A leading rabbi has praised the production of a new Christian-Jewish glossary, for its efforts to improve inter-faith relationships between the Church of Scotland and the Jewish community.
The 85-page glossary of key terms was drawn up in response to friction between the two faith groups caused by a report, published by the Scottish Church and Society Council, which criticised the Jewish claim to Israel.
Chief Rabbi Ephraim Mirvis visited the General Assembly of the Church of Scotland in 2014 – the first chief rabbi to do so - and began a dialogue to encourage “a deeper appreciation for each other’s traditions, leading to greater respect and stronger bonds between our faiths.”
The glossary is the fruit of work that began then, and continued in further conversations between ministers and faith leaders.
“For a real and meaningful relationship we need to internalise how the other views itself,” Mirvis writes in the document's foreword.
“While we still have a long road to travel to understand each other more fully, and especially to better comprehend our theological approaches to Land and Covenant, an important step forward has now been taken,” he adds.

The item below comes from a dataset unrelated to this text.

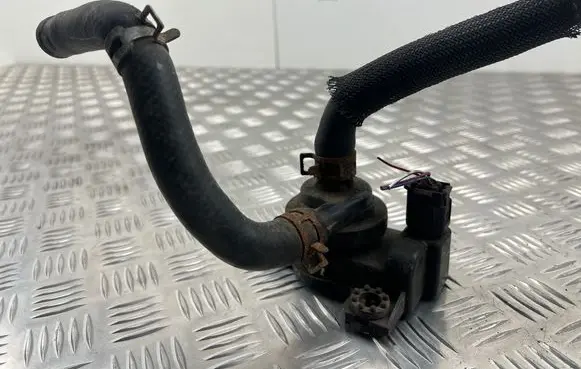 Lexus RX 330 - 350 - 400H Electric auxiliary coolant/water pump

Addressing the General Assembly at the glossary’s approval meeting this month, Rabbi David Mason of Muswell Hill Synagogue, London expressed his thanks to Chief Rabbi Mirvis and to “all those within the Church leadership who never ceased to see the vital importance in this dialogue.”

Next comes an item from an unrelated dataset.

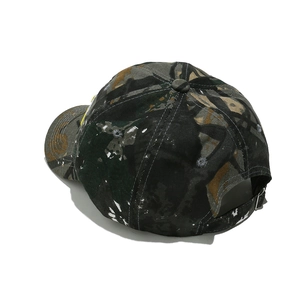 Vista posteriore del cappello da baseball mimetico con macchie bianche e cinturino regolabile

“I have gained friends in the Church of Scotland... and have only grown in my affection for the Church," he said.
"This glossary has done two things. Firstly it has deepened mutual understanding surrounding the very terms that can cause discord.

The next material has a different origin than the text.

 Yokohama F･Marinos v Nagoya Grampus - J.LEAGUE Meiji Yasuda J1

"Secondly, it has offered up vocabulary, wording and understanding for both our communities, that can ensure that in expressing passionate opinions we do not offend each other.
"Harmony does not here mean that we will agree. It means that we will disagree well. We will take different approaches based on our contexts and subjective experiences – while being scrupulous in ensuring that the other is not offended," he added.